Blog dos participantes da Oficina Crônicas: entrevistas com o cotidiano do Setor de Literatura da Fundação Cultural de Curitiba - 2010.

sexta-feira, 7 de maio de 2010

Cacau dourado lia

Cacau dourado lia

Era cedo da tarde. Sei disto, pois acabara de retornar do almoço. Após saborear uma quase saborosa refeição vegetariana. Pois é. Tenho me dedicado aos pratos leves. Devido à orientação de meu cardiologista, tenho me obrigado a ser comedido nas refeições. Nada de carne gorda. Vermelha. Frituras. Evitar doces. Sobretudo o chocolate. O interessante nesta história é que nunca fui aficcionado por tais guloseimas. Mas o colesterol está alto. Fazer o que? Mudar a dieta. Mas, não sei se feliz ou infelizmente, já estou até me acostumando. O fato é que estava, como de costume, sentado diante de minha mesa, na repartição. Enquanto organizava as atividades a serem executadas no turno de trabalho que se iniciava, analisando, separando, classificando, selecionando cada uma das tarefas, colegas conversam animadamente. Alheio aquele burburinho de vozes, pacientemente sigo meu trabalho.
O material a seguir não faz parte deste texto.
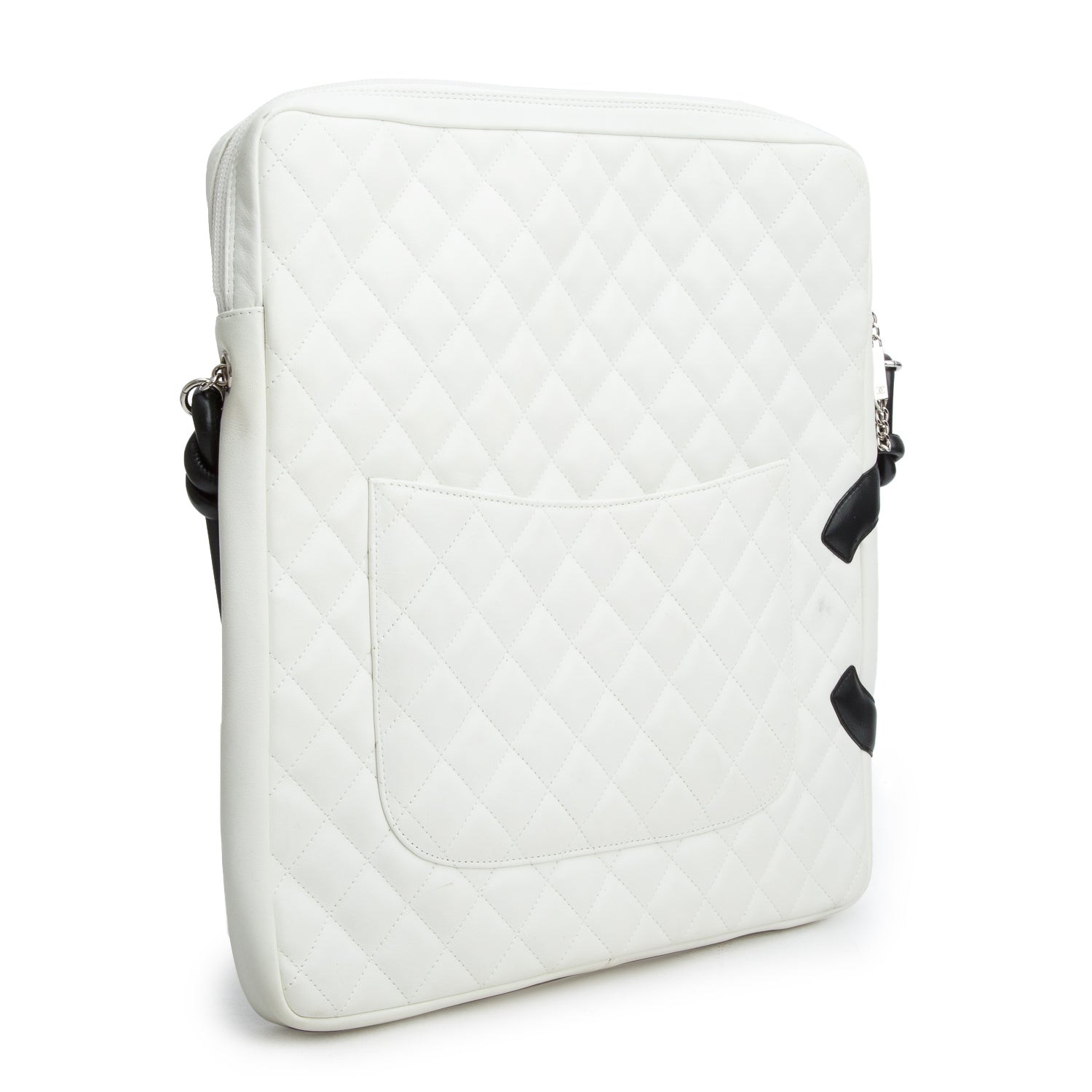 Chanel White Calfskin Quilted Large Cambon Messenger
De repente, daquele incompreensível mosaico de vozes e sons sobrepostos, concorrentes entre si e com a incansável campainha do telefone, com as buzinas dos automóveis, na via pública, com o canto nada ritmado dos celulares, chega a meus ouvidos, com a clareza e nitidez do violino que emerge solitário após o silêncio de uma breve pausa da orquestra, aquelas três palavras. Soltas. Independentes. Casualmente derramadas uma após a outra. Conduzindo-me em divagações várias. Bizarras. Para os que seguiam entusiasticamente a conversa, tais palavras não causaram qualquer furor. Não representaram qualquer possibilidade de devaneios. Penso, mesmo, que seus cérebros decodificaram-nas como uma sentença legal. Um artigo de lei. Talvez como as indicações de uma bula de remédio. Ou, ainda, como as especificações técnicas de um aparelho de som.

- “Cacau dourado lia”.

De imediato, sem que tivesse a menor possibilidade de controlar o ritmo ou o rumo de meus pensamentos, vi-me sentado confortavelmente à beira mar. Sol escaldante. Calor brasileiro. Cerveja gelada no copo. O ir e vir de pernas e braços e vultos e sombras na areia. Meninas bonitas. Jovens atletas. O casal de velhinhos. A mãe e o filho colhendo conchinhas. Um gordo fanfarrão mastigando um daqueles espetinhos. E a uns poucos metros dali, sentado numa cadeira marrom, sob um guarda-sol amarelo, estava ele. O senhor Cacau Dourado que lia tranquilamente um volumoso livro. Alheio ao sol. Ao mar. Ao vento. Às pernas e vultos. Intrigado, fico a analisar aquela distinta, porém nada convencional criatura. O que estaria lendo? Talvez estivesse debruçado sobre a obra de Jorge Amado, especialmente escrita em sua homenagem. Talvez não. Quem sabe seu gosto fosse mais erudito, voltado aos grandes filósofos como Nietzsche, Kant, Kierkegaard. Ou poderia estar imerso no apaixonante universo da música brasileira, folheando paginas com obras de Aldir Blanc.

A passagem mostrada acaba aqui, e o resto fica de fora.